Exercise 15.1 Solutions

Exercise 15.2 Solutions

Exercise 15.3 Solutions

Exercise 15.5 Solutions

Exercise 15.6 Solutions

Access answers to RD Sharma Solutions for Class 11 Maths Exercise 15.4 Chapter 15 – Linear Inequations

1. Find all pairs of consecutive odd positive integers, both of which are smaller than 10, such that their sum is more than 11.

Solution:

Let ‘x’ be the smaller of the two consecutive odd positive integers. Then the other odd integer is x + 2.

Given:

Both the integers are smaller than 10, and their sum is more than 11.

So,

x + 2 < 10 and x + (x + 2) > 11

x < 10 – 2 and 2x + 2 > 11

x < 8 and 2x > 11 – 2

x < 8 and 2x > 9

x < 8 and x > 9/2

9/2 < x < 8

Note the odd positive integers lying between 4.5 and 8.

x = 5, 7 [Since, x is an odd integer]

x < 10 [From the given statement]

9/2 < x < 10

Note that the upper limit here has shifted from 8 to 10. Now, x is an odd integer from 4.5 to 10.

So, the odd integers from 4.5 to 10 are 5, 7 and 9.

Now, let us find pairs of consecutive odd integers.

Let x = 5, then (x + 2) = (5 + 2) = 7.

Let x = 7, then (x + 2) = (7 + 2) = 9.

Let x = 9, then (x + 2) = (9 + 2) = 11. But, 11 is greater than 10.

∴ The required pairs of odd integers are (5, 7) and (7, 9)

2. Find all pairs of consecutive odd natural number, both of which are larger than 10, such that their sum is less than 40.

Solution:

Let ‘x’ be the smaller of the two consecutive odd natural numbers.
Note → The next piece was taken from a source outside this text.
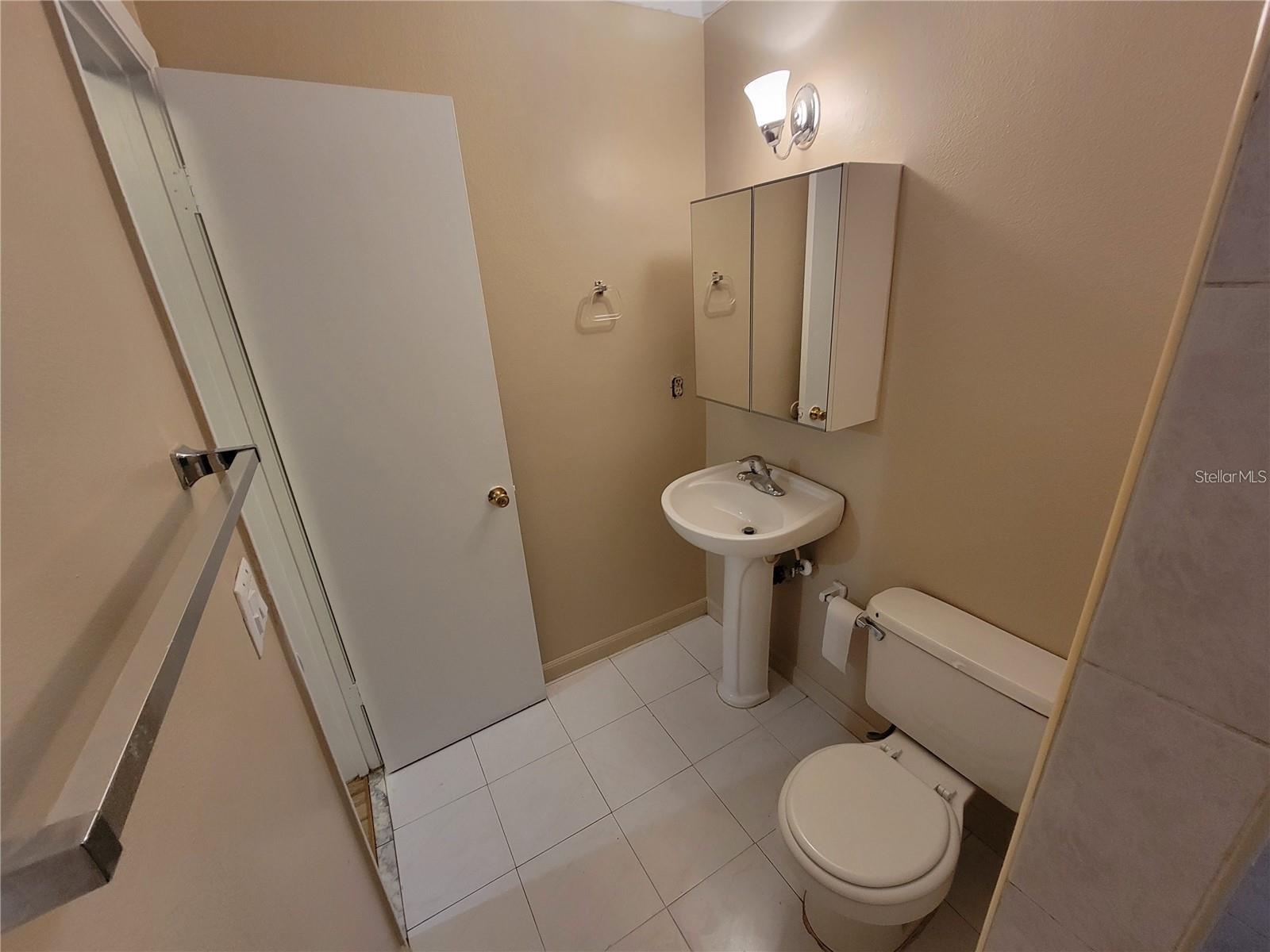 Image 13 of 21 For 2910 Western Willow Terrace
Then the other odd number is x + 2.

Given:

Both the natural numbers are greater than 10, and their sum is less than 40.

So,

x > 10 and x + x + 2 <40

x > 10 and 2x < 38

x > 10 and x < 38/2

x > 10 and x < 19

10 < x < 19

From this inequality, we can say that x lies between 10 and 19.

So, the odd natural numbers lying between 10 and 19 are 11, 13, 15 and 17. (Excluding 19 as x < 19)

Now, let us find pairs of consecutive odd natural numbers.

Let x = 11, then (x + 2) = (11 + 2) = 13

Let x = 13, then (x + 2) = (13 + 2) = 15

Let x = 15, then (x + 2) = (15 + 2) = 17

Let x = 17, then (x + 2) = (17 + 2) = 19.

x = 11, 13, 15, 17 [Since x is an odd number]

∴ The required pairs of odd natural numbers are (11, 13), (13, 15), (15, 17) and (17, 19)

3. Find all pairs of consecutive even positive integers, both of which are larger than 5, such that their sum is less than 23.

Solution:

Let ‘x’ be the smaller of the two consecutive even positive integers. Then the other even integer is x + 2.

Given:

Both the even integers are greater than 5, and their sum is less than 23.

So,

x > 5 and x + x + 2 < 23

x > 5 and 2x < 21

x > 5 and x < 21/2

5 < x < 21/2

5 < x < 10.5

From this inequality, we can say that x lies between 5 and 10.5.

So, the even positive integers lying between 5 and 10.5 are 6, 8 and 10.

Now, let us find pairs of consecutive, even positive integers.

Let x = 6, then (x + 2) = (6 + 2) = 8

Let x = 8, then (x + 2) = (8 + 2) = 10

Let x = 10, then (x + 2) = (10 + 2) = 12.

x = 6, 8, 10 [Since, x is even integer]

∴ The required pairs of even positive integers are (6, 8), (8, 10) and (10, 12)

4. The marks scored by Rohit in two tests were 65 and 70. Find the minimum marks he should score in the third test to have an average of at least 65 marks.

Solution:

Given:

Marks scored by Rohit in two tests were 65 and 70.

Let marks in the third test be x.

So let us find minimum x for which the average of all three papers would be at least 65 marks.

That is,

Average marks in three papers ≥ 65 …(i)

Average is given by:

Average = (sum of all numbers)/(Total number of items)

= (marks in 1st two papers + marks in third test)/3

= (65 + 70 + x)/3

= (135 + x)/3

Substituting this value of average in the inequality (i), we get

(135 + x)/3 ≥ 65

(135 + x) ≥ 65 × 3

(135 + x) ≥ 195

x ≥ 195 – 135

x ≥ 60

This inequality means that Rohit should score at least 60 marks in his third test to have an average of at least 65 marks.

So, the minimum mark to get an average of 65 marks is 60.

∴ The minimum mark required in the third test is 60.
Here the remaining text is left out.